Originally published in October 2015, this was among the most-viewed posts following Relativity Fest that year—which goes to show that analytics has been top-of-mind for e-discovery teams for quite a while. Cristin's insights still resonate, so we thought we'd share them again in light of the new email threading innovations coming to Relativity in 2016.
The best way to tackle data is to take an organized approach. Analytics features such as email threading help case teams get the most out of their case data by using metadata to automatically organize documents, streamlining review from the start.
Today’s General Counsel recently featured an article entitled “Threading is the New Global De-duplication” from Cristin Traylor, counsel at McGuireWoods, on just that subject. To get more insight into how and why text analytics has become part and parcel of her team’s approach to e-discovery, we sat down with Cristin.
Sam: To quickly recap your article for Today’s General Counsel, what makes email threading a no-brainer for your e-discovery projects?
Cristin: In a nutshell, email threading saves time and money for our clients. There are fewer documents to review, and the review decisions themselves are more consistent. There is really no reason not to use it.
What objections do you most commonly hear to using email threading? How do you address them?
The most common objection is the cost to run analytics. However, when I explain that expending a small amount up front to run the technology will save the client more on review costs in the long run, everyone jumps on board. The other concern—I wouldn’t call it an objection—is that many times the case team doesn’t understand what threading is. Once I explain it to them in a language they can understand, they immediately see the benefits. An example I give is that if I send them an email and then we reply back-and-forth multiple times, we don’t need to review each part of the conversation separately and all together. We just need to review the last email between us, since it includes the rest of the conversation as well. That is a way of describing threading that most people can visualize.
Opposing counsel only object when they don’t understand what threading entails or, more generally, when they are less sophisticated when it comes to e-discovery matters. Again, once you explain what it is, tell them that they will not be missing any substance, and let them know that, in fact, they’ll have fewer documents to review on their end after the production comes through, they usually agree to it. When they don’t agree, it’s often because they don’t want to cooperate due to the contentious nature of the dispute.
Does case size matter when it comes to the benefits of email threading?

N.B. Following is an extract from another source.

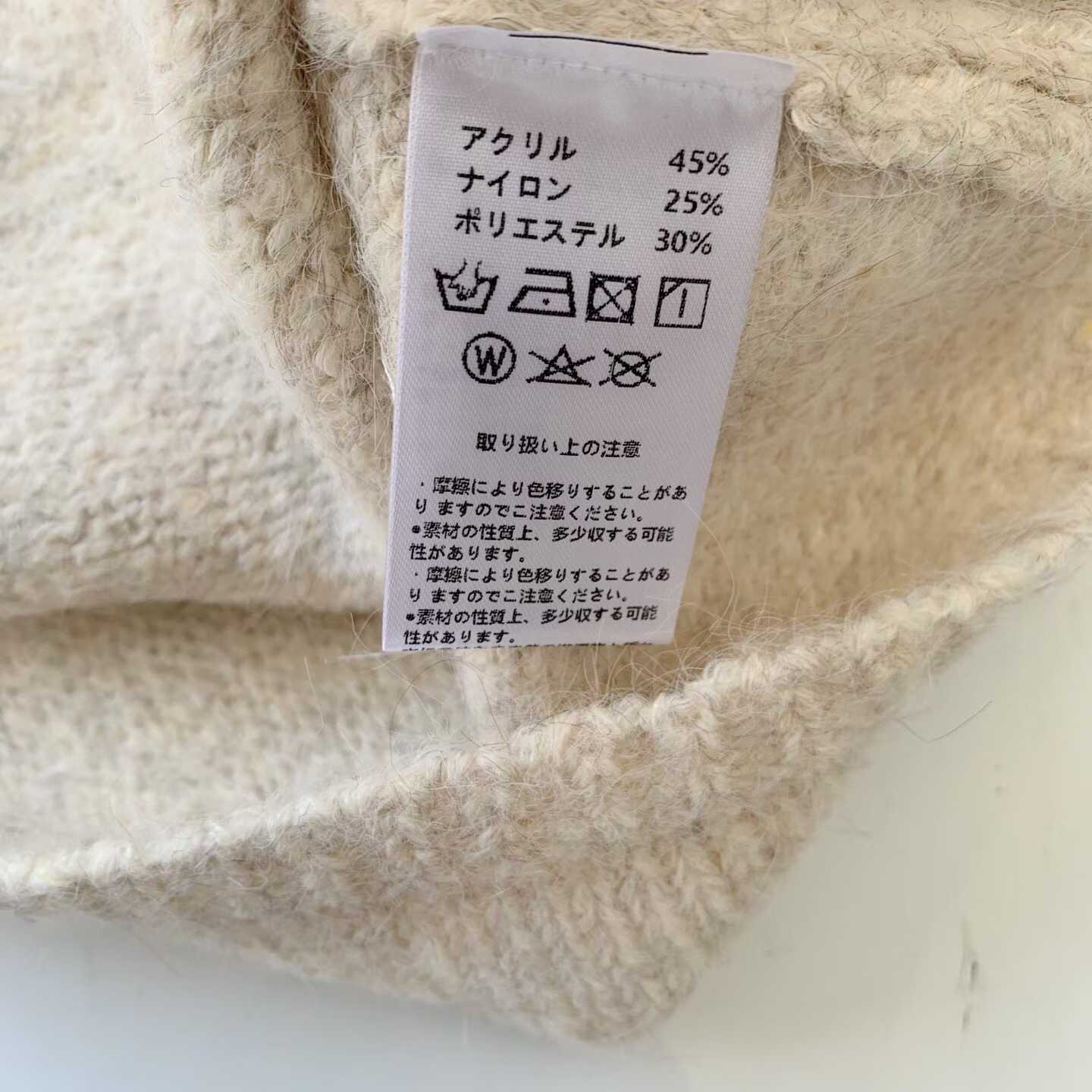預訂 V. Westwood吊帶背心背心 [貨號26A1578]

When it comes to threading, size doesn’t matter. The technology is beneficial, whether you have 1,000 documents or 1 million documents. If you are narrowing the population to review only the inclusive documents or just using threading to accelerate the review and improve consistency, threading can be useful. Threading can also assist in performing quality control on any size population. For example, you can setup a search for privileged documents and then include thread groups. This will allow you to QC the threads in the same group that are not marked privileged, in order to check the accuracy of the calls.
Internal investigations are a prime candidate for email threading, as well. Typically, you are trying to get a handle on a certain issue and have a large amount of data that you need to review and analyze quickly. With threading, you can narrow the population for review but at the same time have the ability to really delve into the email conversations. It may be very important to see what was happening in a certain email thread and who branched off to have a side conversation. Email threading allows you to easily group the threads together for this more in-depth analysis.
Are there any other text analytics features you find particularly useful?
Near-duplicate identification can play a role in quality control, as well. You want to make sure that you are treating duplicate or near-duplicate documents the same for privilege and responsiveness, if warranted. Near-duplicate identification allows us to easily group those documents together for analysis.
For projects with foreign documents, language identification can be useful to segregate the documents that contain text in other languages and develop a separate workflow for those documents. That could mean either having lawyers fluent in the other language review the documents, or having the documents translated into English.
Clustering can also be very beneficial. We combine clustering and other features to get the best of all worlds. For example, we may first run threading to identify the inclusive emails and exclude duplicate spares. Then we would cluster the resulting set so that we are grouping similar documents together. When setting up batches for assignment, we set the Batch Unit field as the clusters and the Family field as Email Thread Group. That way, the documents in the batches are conceptually similar but still include all the emails in a thread. We find this helps reviewers with both speed and consistency.
Aside from text analytics features such as email threading, what do you see becoming the norm in e-discovery?
There are so many brilliant people trying to solve these challenges, I am sure we will continue to see more sophisticated workflow options. For now, plain, old-fashioned cooperation among parties goes a long way toward reducing data sets. It would be wonderful if “reasonableness” became the norm.
Cristin Traylor is counsel at McGuireWoods, where she advises clients on e-discovery, records management, and information governance. She oversees the firm's e-Discovery Review Center, handling all aspects of discovery using cutting-edge technology.
Sam Bock is a member of the marketing communications team at kCura and serves as editor of the Relativity blog.